<<<<
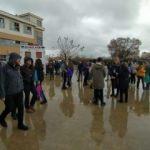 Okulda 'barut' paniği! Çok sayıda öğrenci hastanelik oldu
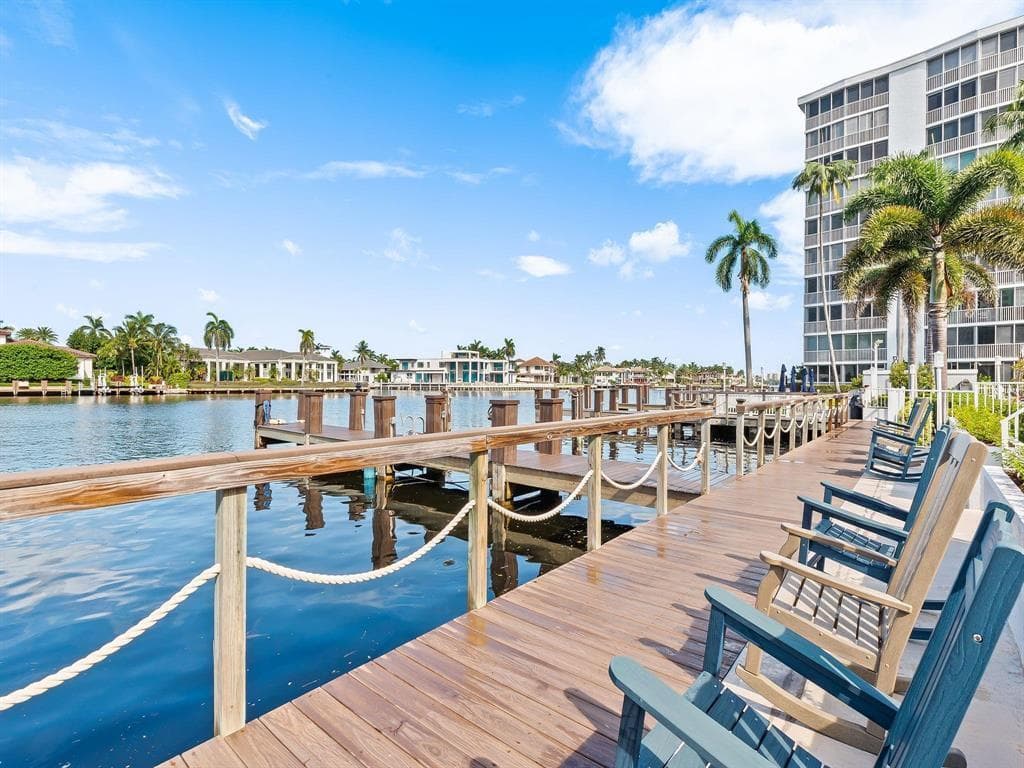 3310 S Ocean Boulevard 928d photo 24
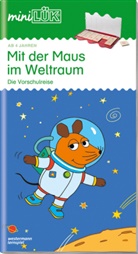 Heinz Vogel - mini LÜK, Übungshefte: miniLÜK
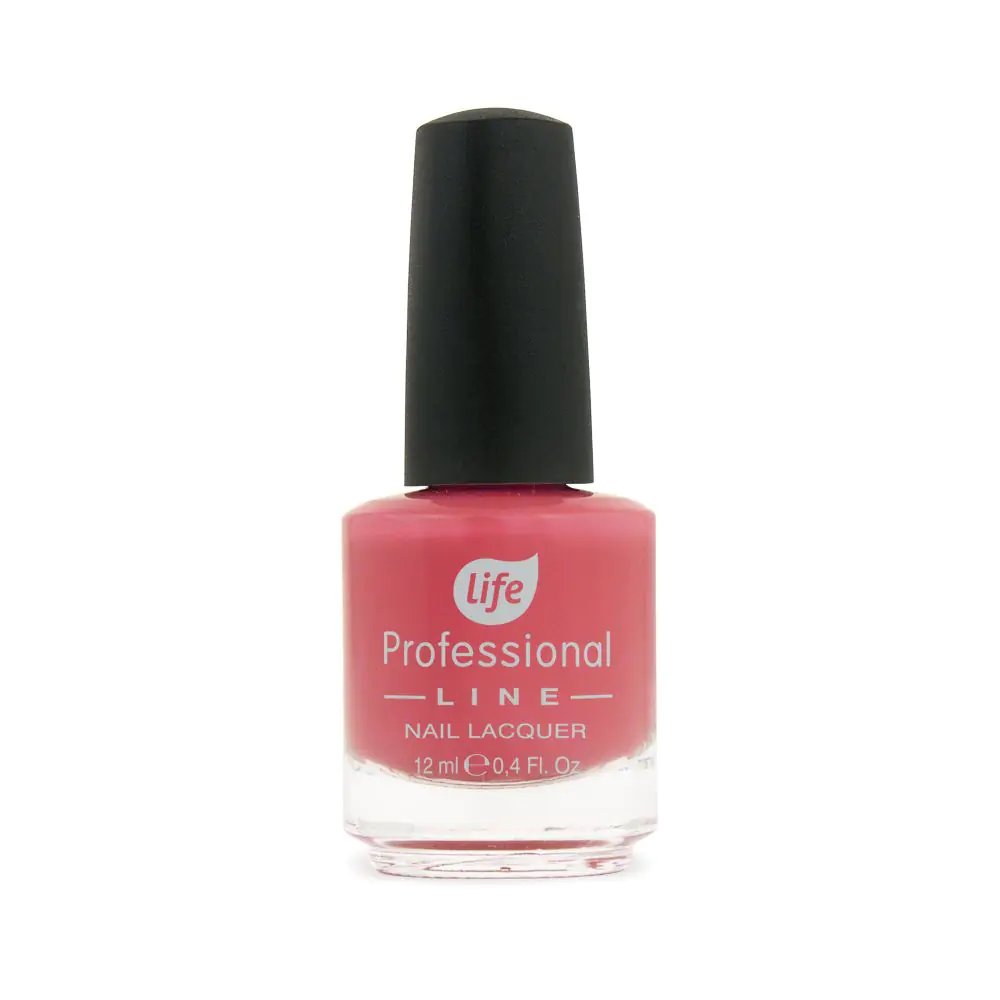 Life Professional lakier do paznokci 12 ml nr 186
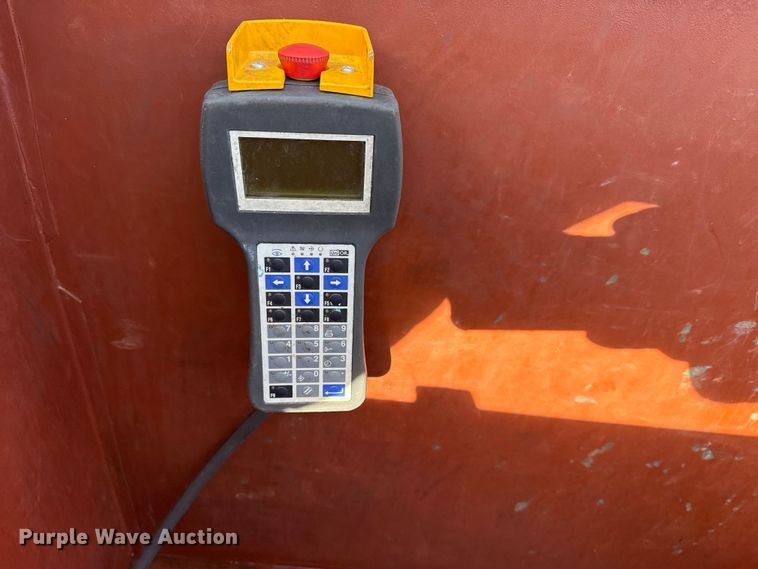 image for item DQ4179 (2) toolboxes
>>>>
→ **What this task involves**:
This task calls for the records to be copied exactly, without pictures.

→ **Answer space**:
 Okulda 'barut' paniği! Çok sayıda öğrenci hastanelik oldu
 3310 S Ocean Boulevard 928d photo 24
 Heinz Vogel - mini LÜK, Übungshefte: miniLÜK
 Life Professional lakier do paznokci 12 ml nr 186
 image for item DQ4179 (2) toolboxes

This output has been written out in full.